Task brief
Look through the data below for the line with "Polsek Donomulyo Laksanakan" and the line with "Juego de 2 soportes", then transcribe exactly from the first through the second, leaving out all pictures.

Excerpted records
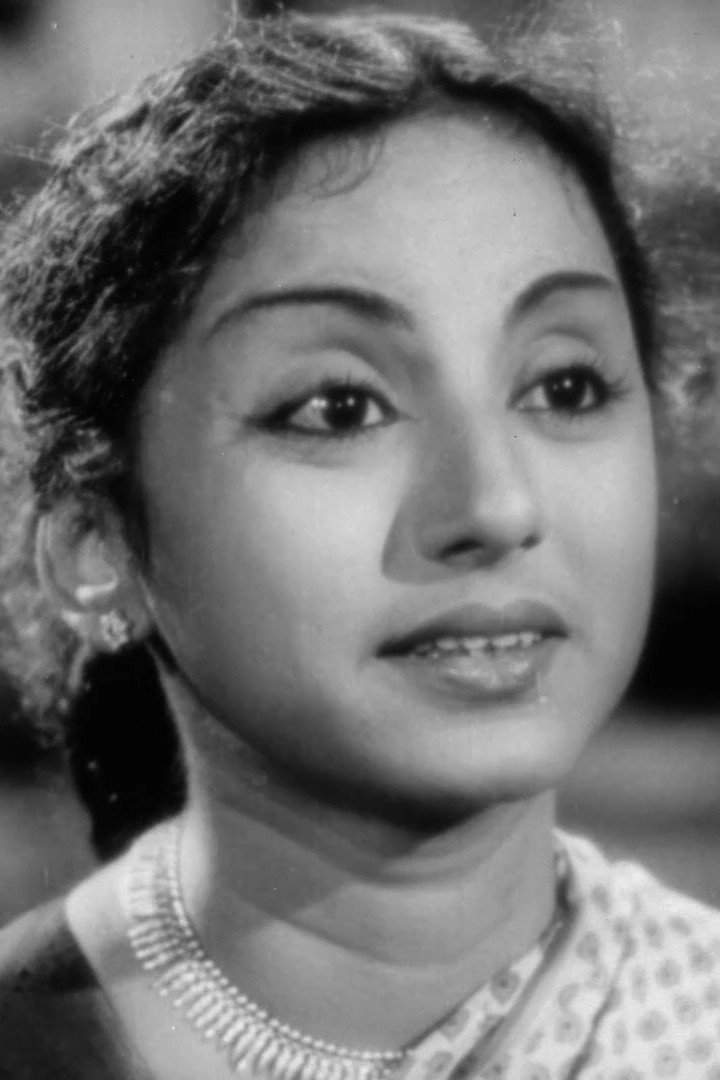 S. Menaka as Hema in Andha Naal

* * *

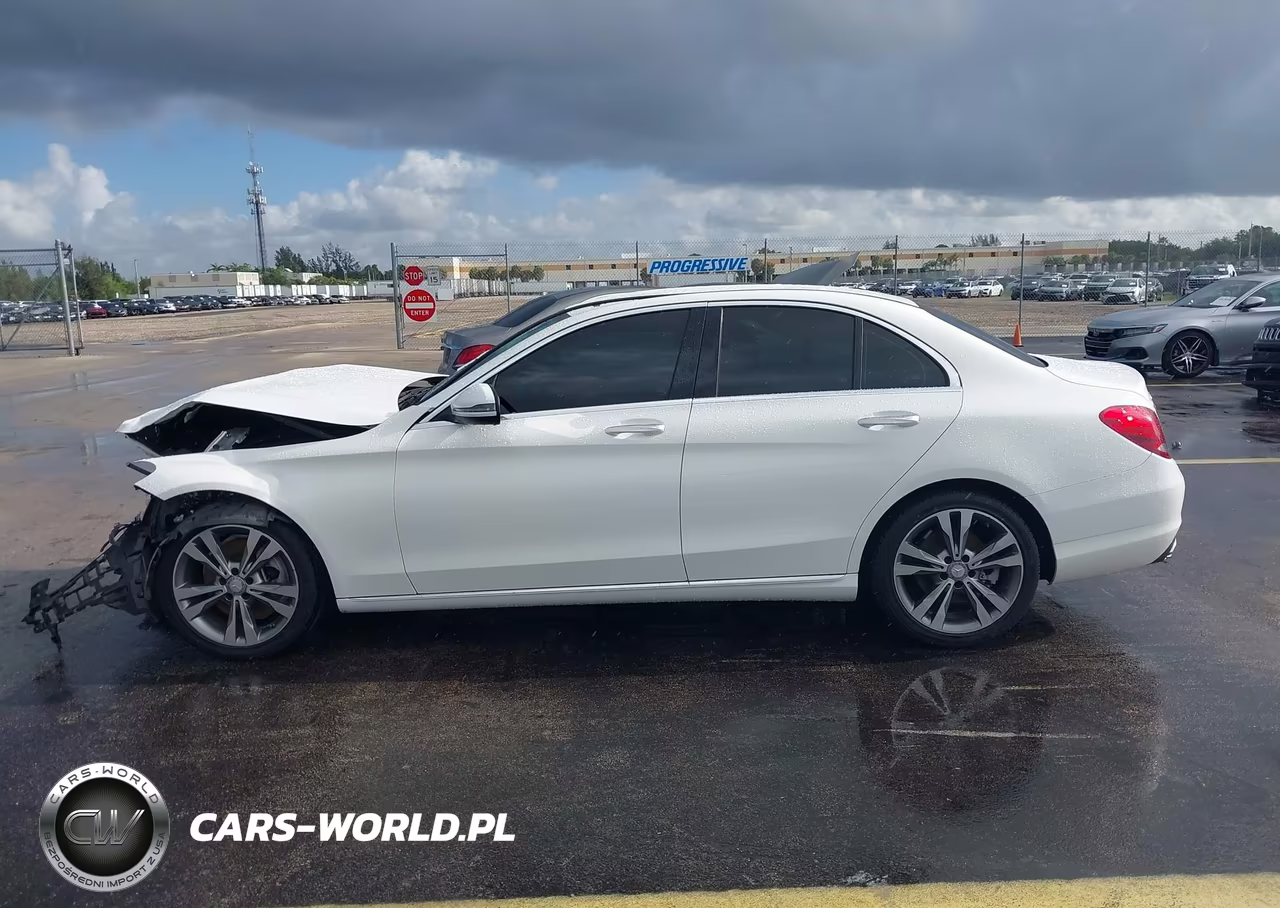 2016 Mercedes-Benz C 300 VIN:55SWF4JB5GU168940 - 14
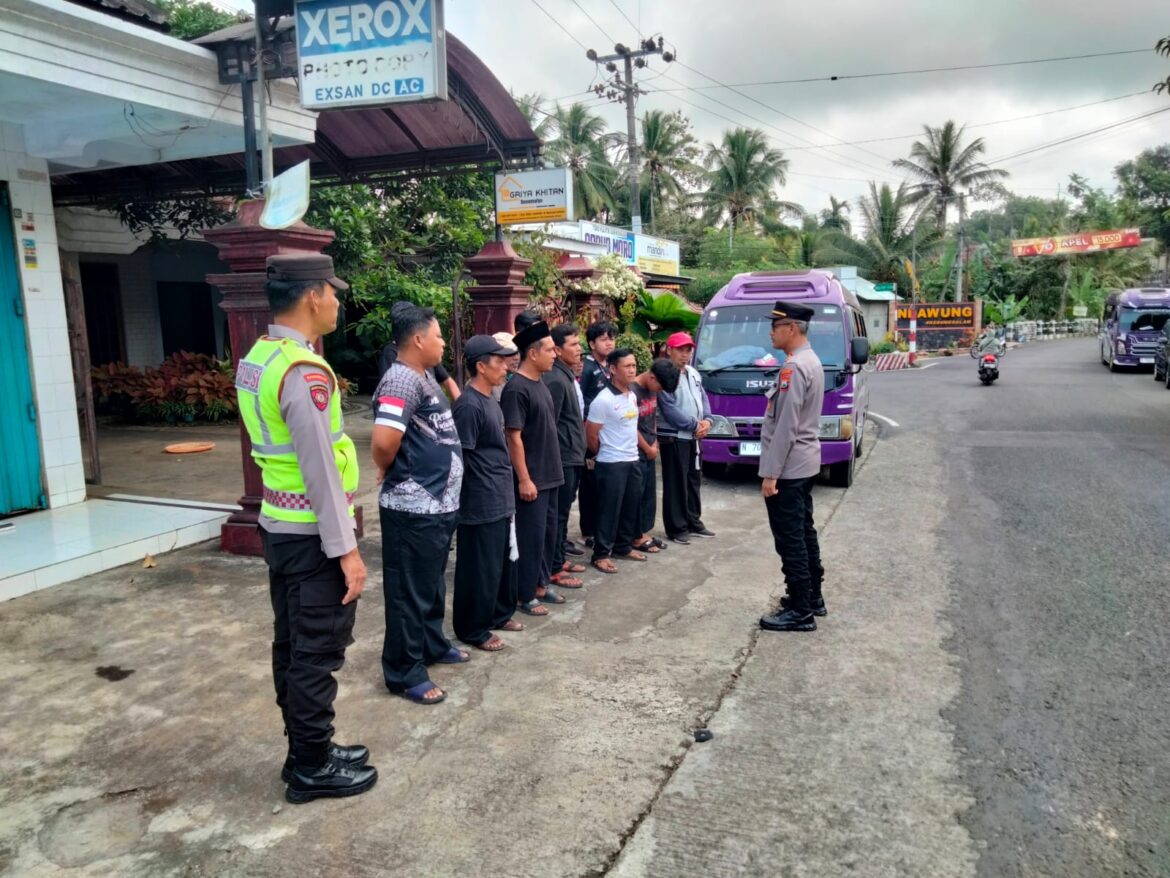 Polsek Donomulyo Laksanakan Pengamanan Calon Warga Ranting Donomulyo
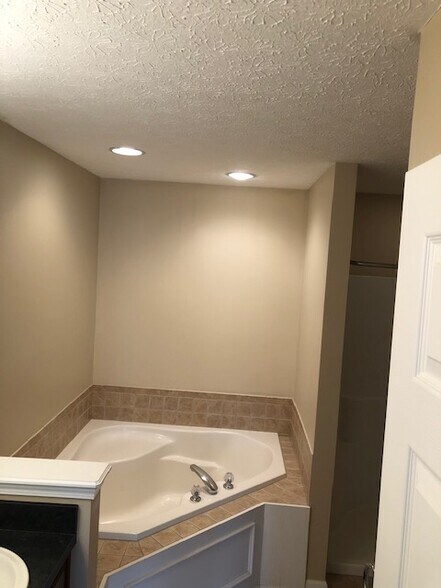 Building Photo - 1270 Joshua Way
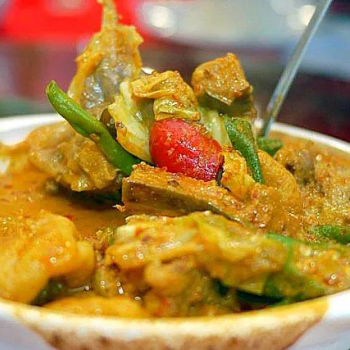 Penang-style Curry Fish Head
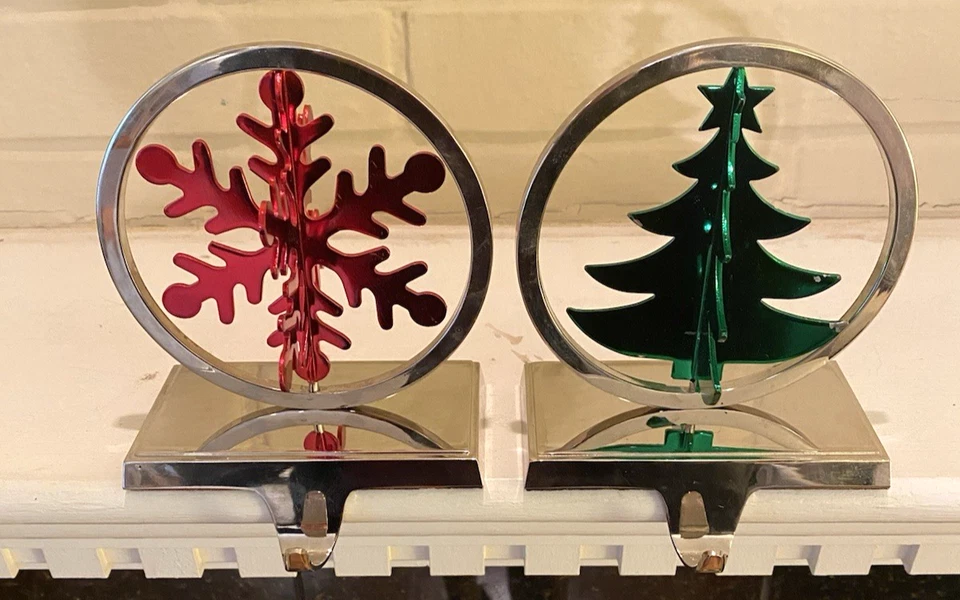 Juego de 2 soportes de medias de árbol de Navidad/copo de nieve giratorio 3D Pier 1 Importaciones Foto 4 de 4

---

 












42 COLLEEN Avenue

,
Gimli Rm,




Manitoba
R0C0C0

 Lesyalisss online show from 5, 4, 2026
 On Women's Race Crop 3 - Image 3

Written response
 Polsek Donomulyo Laksanakan Pengamanan Calon Warga Ranting Donomulyo
 Building Photo - 1270 Joshua Way
 Penang-style Curry Fish Head
 Juego de 2 soportes de medias de árbol de Navidad/copo de nieve giratorio 3D Pier 1 Importaciones Foto 4 de 4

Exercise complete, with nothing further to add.